PROBLEM REQUIREMENTS: Filter the data below, keeping only lines that contain "Polo".
*** DATA PROVIDED ***
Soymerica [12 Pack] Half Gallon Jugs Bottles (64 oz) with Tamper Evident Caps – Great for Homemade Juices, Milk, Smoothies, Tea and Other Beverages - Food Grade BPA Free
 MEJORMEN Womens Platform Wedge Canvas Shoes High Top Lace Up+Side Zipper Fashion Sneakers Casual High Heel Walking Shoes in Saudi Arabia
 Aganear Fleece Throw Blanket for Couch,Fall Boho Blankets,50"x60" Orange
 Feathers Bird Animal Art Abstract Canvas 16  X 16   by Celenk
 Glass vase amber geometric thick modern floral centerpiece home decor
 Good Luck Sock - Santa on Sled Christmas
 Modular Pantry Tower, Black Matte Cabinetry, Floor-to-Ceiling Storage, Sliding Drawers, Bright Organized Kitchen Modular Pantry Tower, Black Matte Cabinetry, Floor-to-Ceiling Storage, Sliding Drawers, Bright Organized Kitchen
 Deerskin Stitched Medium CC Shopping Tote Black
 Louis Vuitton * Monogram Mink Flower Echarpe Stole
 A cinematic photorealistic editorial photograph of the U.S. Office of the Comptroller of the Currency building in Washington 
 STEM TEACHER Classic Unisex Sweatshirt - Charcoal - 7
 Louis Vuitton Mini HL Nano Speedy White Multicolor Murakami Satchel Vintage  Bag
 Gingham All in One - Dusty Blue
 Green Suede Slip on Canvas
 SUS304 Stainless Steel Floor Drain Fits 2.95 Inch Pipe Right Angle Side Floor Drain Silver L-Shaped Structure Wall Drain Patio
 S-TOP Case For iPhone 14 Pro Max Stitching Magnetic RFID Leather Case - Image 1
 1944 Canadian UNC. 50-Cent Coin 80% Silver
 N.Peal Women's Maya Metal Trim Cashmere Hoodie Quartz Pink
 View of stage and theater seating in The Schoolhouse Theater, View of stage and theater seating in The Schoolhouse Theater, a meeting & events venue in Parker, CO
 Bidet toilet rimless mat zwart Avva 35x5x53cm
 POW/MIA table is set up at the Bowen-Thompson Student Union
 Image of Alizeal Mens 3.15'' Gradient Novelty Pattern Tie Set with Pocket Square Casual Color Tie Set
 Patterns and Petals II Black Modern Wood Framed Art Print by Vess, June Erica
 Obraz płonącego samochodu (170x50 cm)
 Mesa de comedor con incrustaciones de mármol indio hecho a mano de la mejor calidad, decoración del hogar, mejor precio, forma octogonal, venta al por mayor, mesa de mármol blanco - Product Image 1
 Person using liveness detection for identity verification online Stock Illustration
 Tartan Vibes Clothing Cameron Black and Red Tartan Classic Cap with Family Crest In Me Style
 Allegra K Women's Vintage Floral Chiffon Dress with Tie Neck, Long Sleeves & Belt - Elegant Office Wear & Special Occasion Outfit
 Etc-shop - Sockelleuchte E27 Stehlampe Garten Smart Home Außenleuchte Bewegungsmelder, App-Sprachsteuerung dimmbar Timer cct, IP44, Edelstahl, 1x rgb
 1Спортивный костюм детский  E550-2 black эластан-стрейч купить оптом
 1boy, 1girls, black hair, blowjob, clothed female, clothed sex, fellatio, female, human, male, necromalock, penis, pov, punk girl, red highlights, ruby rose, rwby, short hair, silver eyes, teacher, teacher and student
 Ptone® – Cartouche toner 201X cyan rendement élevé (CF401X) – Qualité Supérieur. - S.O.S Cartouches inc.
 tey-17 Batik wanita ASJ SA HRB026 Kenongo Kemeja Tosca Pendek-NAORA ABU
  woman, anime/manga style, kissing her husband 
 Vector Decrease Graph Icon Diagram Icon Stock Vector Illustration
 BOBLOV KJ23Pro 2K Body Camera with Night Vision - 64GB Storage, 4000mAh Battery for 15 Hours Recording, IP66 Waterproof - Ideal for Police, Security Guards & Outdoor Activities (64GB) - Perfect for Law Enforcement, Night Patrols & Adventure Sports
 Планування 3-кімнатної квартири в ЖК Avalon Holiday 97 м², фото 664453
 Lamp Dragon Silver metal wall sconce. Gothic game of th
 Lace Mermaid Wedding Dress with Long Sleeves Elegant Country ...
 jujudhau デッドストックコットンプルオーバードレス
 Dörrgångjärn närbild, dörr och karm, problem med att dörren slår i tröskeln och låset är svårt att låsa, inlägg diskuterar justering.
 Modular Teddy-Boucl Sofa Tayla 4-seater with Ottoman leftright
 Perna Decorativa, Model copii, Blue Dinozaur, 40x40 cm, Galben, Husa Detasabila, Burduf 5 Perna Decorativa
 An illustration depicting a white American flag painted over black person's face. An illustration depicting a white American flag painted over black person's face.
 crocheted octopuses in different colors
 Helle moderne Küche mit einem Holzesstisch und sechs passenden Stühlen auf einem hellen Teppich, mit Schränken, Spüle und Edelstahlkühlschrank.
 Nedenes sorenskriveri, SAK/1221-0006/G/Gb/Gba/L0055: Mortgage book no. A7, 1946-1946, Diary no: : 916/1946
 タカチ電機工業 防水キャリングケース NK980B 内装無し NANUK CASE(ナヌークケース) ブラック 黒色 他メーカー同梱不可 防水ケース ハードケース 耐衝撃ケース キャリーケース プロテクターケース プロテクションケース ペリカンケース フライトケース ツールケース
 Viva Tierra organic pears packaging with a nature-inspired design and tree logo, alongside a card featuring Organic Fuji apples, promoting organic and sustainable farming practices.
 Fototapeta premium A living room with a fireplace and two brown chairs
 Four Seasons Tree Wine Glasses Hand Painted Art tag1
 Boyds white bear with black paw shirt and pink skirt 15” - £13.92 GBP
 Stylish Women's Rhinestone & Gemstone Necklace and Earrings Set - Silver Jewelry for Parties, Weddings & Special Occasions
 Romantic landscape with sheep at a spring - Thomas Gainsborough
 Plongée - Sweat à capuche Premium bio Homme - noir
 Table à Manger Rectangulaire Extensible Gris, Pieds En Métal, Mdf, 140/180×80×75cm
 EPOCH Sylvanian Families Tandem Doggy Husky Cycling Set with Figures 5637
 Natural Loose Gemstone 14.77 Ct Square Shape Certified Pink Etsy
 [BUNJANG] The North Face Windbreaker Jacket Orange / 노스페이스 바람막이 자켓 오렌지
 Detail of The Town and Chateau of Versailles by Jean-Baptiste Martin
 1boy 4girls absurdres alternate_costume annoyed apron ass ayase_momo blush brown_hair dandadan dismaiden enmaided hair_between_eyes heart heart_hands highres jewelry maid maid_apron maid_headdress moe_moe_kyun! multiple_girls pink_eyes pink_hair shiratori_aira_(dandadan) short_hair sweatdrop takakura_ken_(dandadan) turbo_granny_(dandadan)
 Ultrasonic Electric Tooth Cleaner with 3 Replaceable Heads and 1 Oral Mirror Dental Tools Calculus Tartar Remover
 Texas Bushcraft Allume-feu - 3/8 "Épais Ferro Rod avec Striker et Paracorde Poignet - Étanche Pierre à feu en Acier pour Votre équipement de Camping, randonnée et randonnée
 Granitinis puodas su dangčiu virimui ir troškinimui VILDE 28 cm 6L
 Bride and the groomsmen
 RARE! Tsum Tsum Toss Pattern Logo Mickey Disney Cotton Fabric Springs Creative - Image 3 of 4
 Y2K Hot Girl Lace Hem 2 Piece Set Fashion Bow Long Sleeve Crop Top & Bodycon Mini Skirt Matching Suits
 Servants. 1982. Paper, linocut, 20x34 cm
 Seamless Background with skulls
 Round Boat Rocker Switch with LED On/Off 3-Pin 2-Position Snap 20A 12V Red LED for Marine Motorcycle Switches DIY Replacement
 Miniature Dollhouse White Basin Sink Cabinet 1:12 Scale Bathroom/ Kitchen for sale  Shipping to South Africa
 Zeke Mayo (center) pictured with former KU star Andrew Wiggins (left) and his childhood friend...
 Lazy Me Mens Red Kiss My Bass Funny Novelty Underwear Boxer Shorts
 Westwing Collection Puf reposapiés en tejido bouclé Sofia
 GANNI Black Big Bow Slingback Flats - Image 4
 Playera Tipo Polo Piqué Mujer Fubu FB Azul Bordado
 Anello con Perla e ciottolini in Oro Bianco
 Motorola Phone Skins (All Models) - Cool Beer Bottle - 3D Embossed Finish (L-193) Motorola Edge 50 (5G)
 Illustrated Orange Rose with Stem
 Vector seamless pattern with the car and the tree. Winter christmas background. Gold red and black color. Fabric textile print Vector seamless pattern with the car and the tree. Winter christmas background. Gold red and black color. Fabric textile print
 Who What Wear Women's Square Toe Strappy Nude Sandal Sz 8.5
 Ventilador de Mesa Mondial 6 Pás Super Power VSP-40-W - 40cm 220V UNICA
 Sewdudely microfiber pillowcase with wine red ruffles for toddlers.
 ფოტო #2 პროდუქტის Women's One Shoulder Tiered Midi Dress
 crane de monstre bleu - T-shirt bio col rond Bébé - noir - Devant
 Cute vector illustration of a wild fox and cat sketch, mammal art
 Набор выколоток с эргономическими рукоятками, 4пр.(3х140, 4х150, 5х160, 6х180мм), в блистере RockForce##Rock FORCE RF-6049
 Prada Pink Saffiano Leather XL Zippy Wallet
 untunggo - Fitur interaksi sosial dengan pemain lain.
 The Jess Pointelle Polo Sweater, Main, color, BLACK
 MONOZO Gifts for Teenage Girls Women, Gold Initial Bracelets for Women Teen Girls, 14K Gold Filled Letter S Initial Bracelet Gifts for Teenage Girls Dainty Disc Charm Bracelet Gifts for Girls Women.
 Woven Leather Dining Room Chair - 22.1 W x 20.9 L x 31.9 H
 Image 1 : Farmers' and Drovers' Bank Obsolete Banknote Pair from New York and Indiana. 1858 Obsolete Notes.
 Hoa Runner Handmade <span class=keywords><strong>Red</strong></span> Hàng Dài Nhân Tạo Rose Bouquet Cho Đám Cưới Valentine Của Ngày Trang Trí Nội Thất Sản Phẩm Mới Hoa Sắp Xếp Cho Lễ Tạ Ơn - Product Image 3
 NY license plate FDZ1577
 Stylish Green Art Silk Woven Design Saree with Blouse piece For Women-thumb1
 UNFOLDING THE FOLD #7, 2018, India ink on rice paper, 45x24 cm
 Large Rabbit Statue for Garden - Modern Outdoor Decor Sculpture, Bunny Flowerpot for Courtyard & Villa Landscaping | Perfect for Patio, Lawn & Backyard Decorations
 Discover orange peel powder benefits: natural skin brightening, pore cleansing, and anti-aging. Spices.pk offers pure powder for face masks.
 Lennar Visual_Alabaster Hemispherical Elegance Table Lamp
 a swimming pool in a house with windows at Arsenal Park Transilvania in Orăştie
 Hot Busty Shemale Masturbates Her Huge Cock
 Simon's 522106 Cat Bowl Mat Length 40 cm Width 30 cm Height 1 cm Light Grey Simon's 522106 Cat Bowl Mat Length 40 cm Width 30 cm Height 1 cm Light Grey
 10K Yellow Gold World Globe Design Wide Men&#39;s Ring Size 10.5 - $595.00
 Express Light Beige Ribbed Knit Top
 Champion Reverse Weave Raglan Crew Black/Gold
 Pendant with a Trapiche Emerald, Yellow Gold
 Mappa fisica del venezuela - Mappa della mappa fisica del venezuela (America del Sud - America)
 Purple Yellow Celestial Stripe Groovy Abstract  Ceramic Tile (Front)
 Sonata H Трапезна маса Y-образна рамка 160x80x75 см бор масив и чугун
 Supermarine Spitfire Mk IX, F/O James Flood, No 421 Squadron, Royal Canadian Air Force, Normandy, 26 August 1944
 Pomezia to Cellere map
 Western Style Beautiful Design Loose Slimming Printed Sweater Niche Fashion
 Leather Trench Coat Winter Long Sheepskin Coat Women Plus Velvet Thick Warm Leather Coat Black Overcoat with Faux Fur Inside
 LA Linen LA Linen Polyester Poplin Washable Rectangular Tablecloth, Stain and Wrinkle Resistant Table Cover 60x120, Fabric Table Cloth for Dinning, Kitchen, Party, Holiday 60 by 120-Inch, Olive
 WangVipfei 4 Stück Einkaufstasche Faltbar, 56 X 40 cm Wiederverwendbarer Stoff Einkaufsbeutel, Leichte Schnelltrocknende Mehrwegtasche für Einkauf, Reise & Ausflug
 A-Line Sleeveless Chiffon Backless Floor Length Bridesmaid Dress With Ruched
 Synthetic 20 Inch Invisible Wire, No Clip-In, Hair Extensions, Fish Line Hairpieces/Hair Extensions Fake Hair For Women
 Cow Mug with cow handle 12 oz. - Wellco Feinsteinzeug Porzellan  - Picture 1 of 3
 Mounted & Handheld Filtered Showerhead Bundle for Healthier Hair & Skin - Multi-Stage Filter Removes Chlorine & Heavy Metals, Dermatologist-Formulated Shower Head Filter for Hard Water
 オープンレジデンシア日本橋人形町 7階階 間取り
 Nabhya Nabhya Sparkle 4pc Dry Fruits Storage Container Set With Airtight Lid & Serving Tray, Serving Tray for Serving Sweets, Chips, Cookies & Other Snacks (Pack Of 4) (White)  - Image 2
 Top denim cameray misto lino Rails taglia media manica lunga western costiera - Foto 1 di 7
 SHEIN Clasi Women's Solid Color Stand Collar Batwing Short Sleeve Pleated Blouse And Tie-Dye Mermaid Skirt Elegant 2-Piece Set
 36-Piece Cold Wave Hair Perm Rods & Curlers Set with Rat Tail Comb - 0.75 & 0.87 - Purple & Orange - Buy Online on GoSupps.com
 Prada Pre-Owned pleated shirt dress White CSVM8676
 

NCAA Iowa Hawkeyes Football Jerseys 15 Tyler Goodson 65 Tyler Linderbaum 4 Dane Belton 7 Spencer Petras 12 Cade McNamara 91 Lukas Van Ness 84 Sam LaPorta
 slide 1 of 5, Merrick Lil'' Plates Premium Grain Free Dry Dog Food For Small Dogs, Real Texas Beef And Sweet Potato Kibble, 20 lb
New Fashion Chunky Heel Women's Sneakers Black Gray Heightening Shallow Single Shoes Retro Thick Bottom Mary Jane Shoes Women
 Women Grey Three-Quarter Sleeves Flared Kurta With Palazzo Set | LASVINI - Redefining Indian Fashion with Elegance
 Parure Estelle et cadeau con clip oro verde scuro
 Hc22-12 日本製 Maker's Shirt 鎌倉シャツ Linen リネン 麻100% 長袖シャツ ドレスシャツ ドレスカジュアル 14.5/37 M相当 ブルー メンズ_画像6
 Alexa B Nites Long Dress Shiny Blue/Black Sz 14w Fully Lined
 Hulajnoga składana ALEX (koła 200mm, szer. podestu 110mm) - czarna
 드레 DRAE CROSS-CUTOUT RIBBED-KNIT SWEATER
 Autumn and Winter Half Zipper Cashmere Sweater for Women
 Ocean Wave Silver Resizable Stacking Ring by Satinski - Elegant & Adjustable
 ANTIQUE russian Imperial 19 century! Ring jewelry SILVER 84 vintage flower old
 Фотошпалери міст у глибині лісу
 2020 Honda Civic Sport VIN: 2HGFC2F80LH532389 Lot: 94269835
*** End of DATA PROVIDED ***
ANSWER:
 Playera Tipo Polo Piqué Mujer Fubu FB Azul Bordado
 The Jess Pointelle Polo Sweater, Main, color, BLACK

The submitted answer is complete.